DeepSmith

Jul 26 · AEO & AI Visibility

14 min read

How to Implement FAQ Schema to Get Cited by AI Answer Engines

Avinash Saurabh
Avinash Saurabh · CO-Founder & CEO
Monochrome geometric illustration of a stack of question and answer cards on a charcoal background, with connection lines carrying one pair out to a separate answer panel, under the centered white cover line "FAQ Schema for AI Citations".

You added FAQ schema years ago, the SERP dropdown disappeared, and now someone is asking whether the markup still earns you anything in ChatGPT or Perplexity. It is a fair question, and the honest answer has moved.

This guide walks you through FAQ schema for AI citations end to end: deciding whether your page qualifies, building a valid FAQPage block, validating it, and checking whether answer engines actually pick your page up. You will have working markup on a page by the end of an afternoon.

Take a breath first. This is one of the smaller jobs in your AEO backlog, and you are closer than you think.

Step 1: Get honest about what FAQ schema actually does

Start here, because the wrong expectation is what makes this work feel disappointing later.

Most FAQ schema AI advice online lands in one of two camps: the schema is dead, or the schema is a citation cheat code. Both are wrong. The truth sits between them, and it is more useful than either.

Google restricted FAQ rich results in August 2023 to well-known, authoritative government and health websites. Everyone else lost the accordion. In May 2026, Google's documentation recorded that the FAQ rich result is no longer shown in Google Search at all. The visual feature is gone.

The schema type is not. FAQPage remains an active Schema.org type, it still validates, and Google still parses it. Only the SERP decoration retired.

So what about AI answer engines? Here is the part most articles will not tell you. No vendor, not OpenAI, not Anthropic, not Google, not Perplexity, has published documentation confirming a special parser for FAQPage JSON-LD separate from ordinary HTML retrieval. Anyone promising you that a specific engine "reads your FAQ schema" is guessing.

What we do know is how these engines work. ChatGPT, Gemini, Perplexity, Claude, and Google AI Mode all run retrieval-augmented generation: they fetch candidate pages, rank passages inside them, and compose an answer with citations. Retrieval is the only step you can influence from your side of the screen.

Practitioner analyses across several SEO vendors do consistently report higher citation rates for pages that use question-form headings, put a self-contained answer directly under each one, keep the HTML clean, and carry valid FAQPage markup. None of those analyses separate the JSON-LD from the visible structure, so nobody has proven the schema itself causes the lift. The two travel together.

Here is the position worth writing on your whiteboard: FAQ schema does not open a private channel to any AI vendor. It packages your questions and answers in the shape retrievers already prefer. It is low cost and low risk, the visible structure does most of the work, and the schema is the label that matches it.

That is the whole FAQ schema AI citations claim, stated at a size you can actually defend. Smaller than the hype, and still worth your afternoon.
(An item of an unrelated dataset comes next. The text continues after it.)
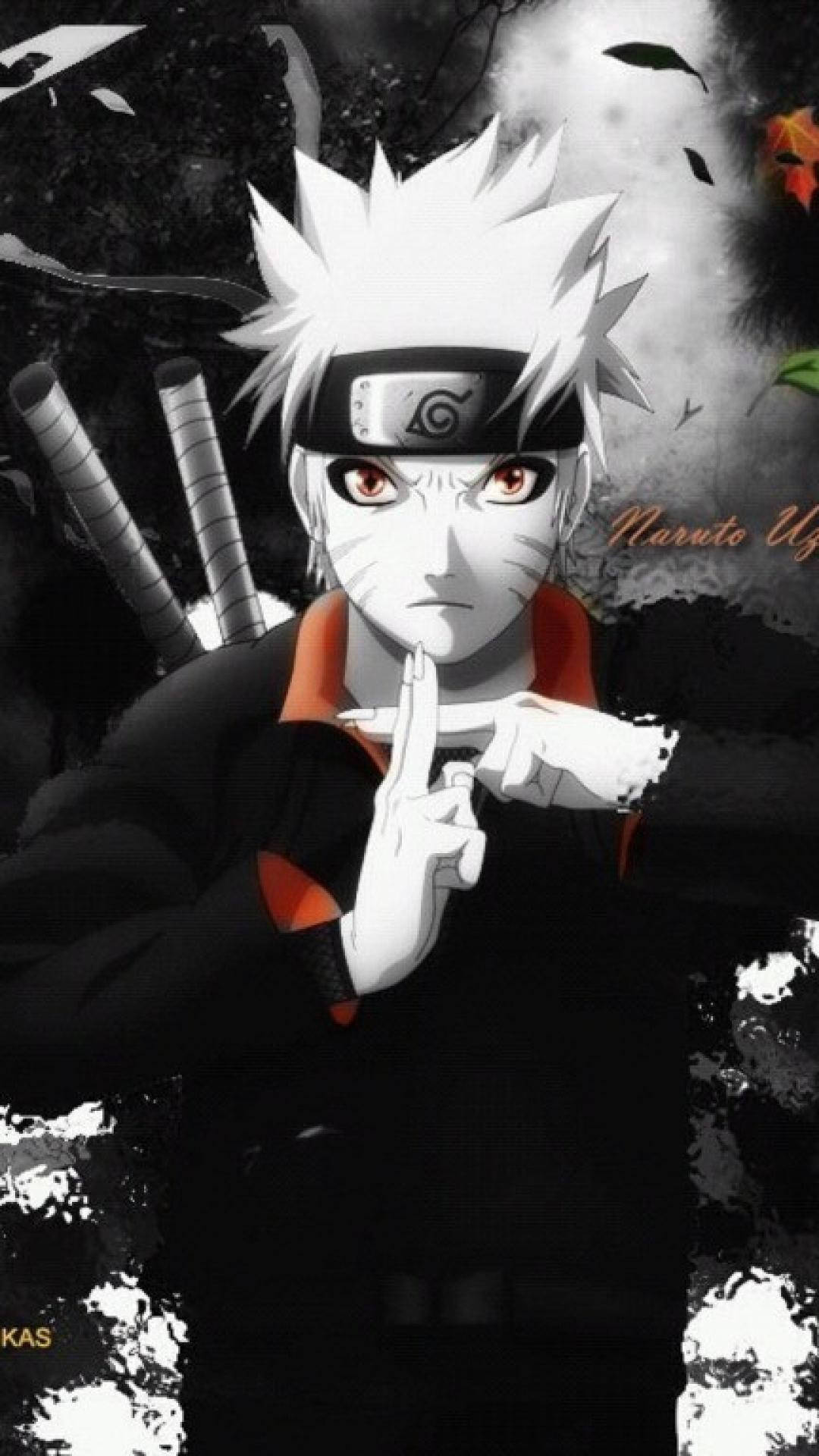 Download Naruto IPhone Kage Bunshin No Jutsu Wallpaper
How you know this step is done: you can explain to your boss why you are adding this without promising a ranking feature.
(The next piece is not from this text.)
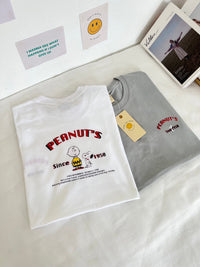 Peanuts 1958 Oversized Tee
Where people go wrong: they pitch FAQ schema internally as a citation switch, then get asked for the citation lift six weeks later and have nothing to show.

Step 2: Confirm your page is really an FAQ

Not every page with a question on it earns this markup.

FAQPage is for curated question and answer lists that you wrote, where each question has one canonical answer. The Q/A list should be the page, not a sidebar buried at the bottom of a 3,000-word essay.

There is a sibling type, QAPage, and people mix these up constantly. QAPage is for a single primary question with many competing user-submitted answers, forum style, Stack Overflow style. If your users are not submitting the answers, you want FAQPage.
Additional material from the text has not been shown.